Devin Townsend’s self-defining tetralogy of albums is now complete. He’s been pushing boundaries so far and Deconstruction is no exception. We’ve had the dynamic soft touches of Ki and the heavy, yet commercial pomp of Addicted, but here he’s back to show off just how easily he can rip our faces off.
Having said that, whatever you do, don’t try too hard to analyse the concept behind the album. Yes, the skullet may be gone, the mind may be clear but the lunatic on his shoulder is still present and he’s still calling the shots. The lyrics, on the surface, are completely bonkers. I’ve attempted to decipher it for you and it’s basically about the fact that we’ve been taking ourselves too seriously to the point where you can look at a subject (in this case, a cheeseburger) so deeply that you’ll lose track of what it is and why you’re doing it – “like trying to document infinity.” So, naturally, this review will dispense with the bullshit and give it to you straight up. Deconstruction will, most likely, be your album of the year. Go and buy it.
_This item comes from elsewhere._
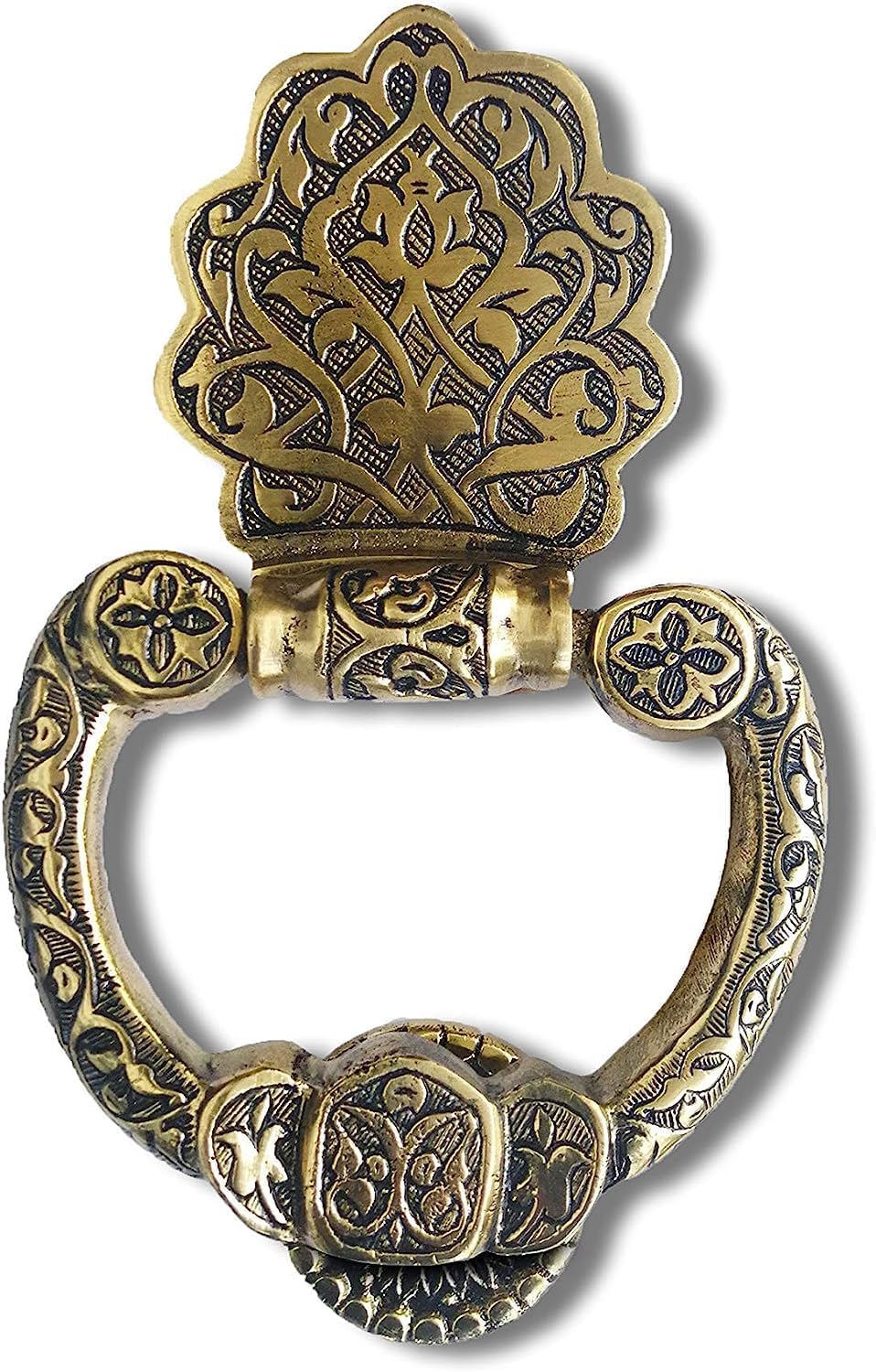 Ottoman Era Brass Knocker,6.7 inches, Authentic Traditional Etched Design,Unlaquered Polished Finish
What… you want more? Okay, okay. Well, I’m not sure I have enough words in my vocabulary to actually describe just how vast this is, but here goes. Devin has hauled in yet more special guests (eleven, count ‘em) for this one but, unlike on so much of Addicted, their presence (vocal, or otherwise) is required to mark the tone of each track and their integration is a thing of beauty. Take Mikael Åkerfeldt’s (Opeth) turn on the stunningly effective “Stand” – following Devin’s soft completion of the dark build, he pops up to breath black death over the chorus. Also check out Tommy Rogers’ (Between The Buried And Me) cohesive touches with Devin on the math-to-prog monster “Planet Of The Apes”. Incidentally, the drums on this track are nothing short of legendary – it’s no wonder the man needed two skin-beaters (Ryan van Poederooyen and Soilwork’s Dirk Verbeuren). I smell burning drumsticks.
There are inspired orchestral movements that explode into great chants that begin in the loins and end as goose-pimples on your arms. There are fiery blasts birthed out of the belly of the beast and then sudden side-swipes of these catchy, insanely poppy, sections featuring the most virginal of vocals. The music constantly keeps you alert and on your toes – it honestly feels like the denizens of heaven and hell are playing catch and you’re the ball.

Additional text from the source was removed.